Junior health minister Roisin Shortall said the contact had been established after Fianna Fáil TDs reported that constituents had been charged for blood tests, when those tests should be free to all medical card holders.
Cork North-Central TD Billy Kelleher said a 90-year-0ld had been charged €15 each time for his regular blood tests for warfarin.
“At my request, the HSE has written to all [General Medical Scheme] GPs reminding them of their obligations under their contract in respect of services such as phlebotomy and advised them that charges should not be applied for such services,” Shortall said.
“The HSE is encouraging eligible patients who believe they have been inappropriately charged by a GP for routine phlebotomy services to seek a refund from the GP in question.”
Affected patients have also been told they can also lodge a complaint directly with the HSE which will investigate through its Consumer Affairs Service.
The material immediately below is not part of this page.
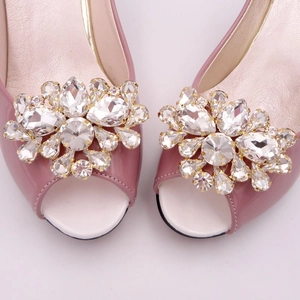 Détail de boucles fleurs en cristal étincelant sur des escarpins de mariée roses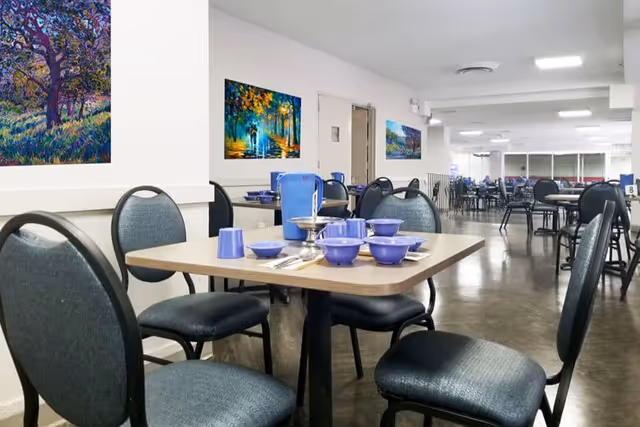 Interior view of a dining room in an assisted living facility with several tables and chairs. One table in the foreground is set with blue bowls, cups, and utensils. Colorful paintings hang on the white walls, and the room is well-lit with overhead lighting.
Shortall also encouraged other TDs to inform the HSE directly about any apparent breaches of the GMS rules in future, so as to minimise the time taken to deal with them.
Kelleher said he had raised the issue because it “was my understanding that these routine tests were covered under the GMS scheme and the patients by their very nature are on a limited income”.
“While this practice is not widespread, any charging of hard pressed patients is unacceptable,” he said.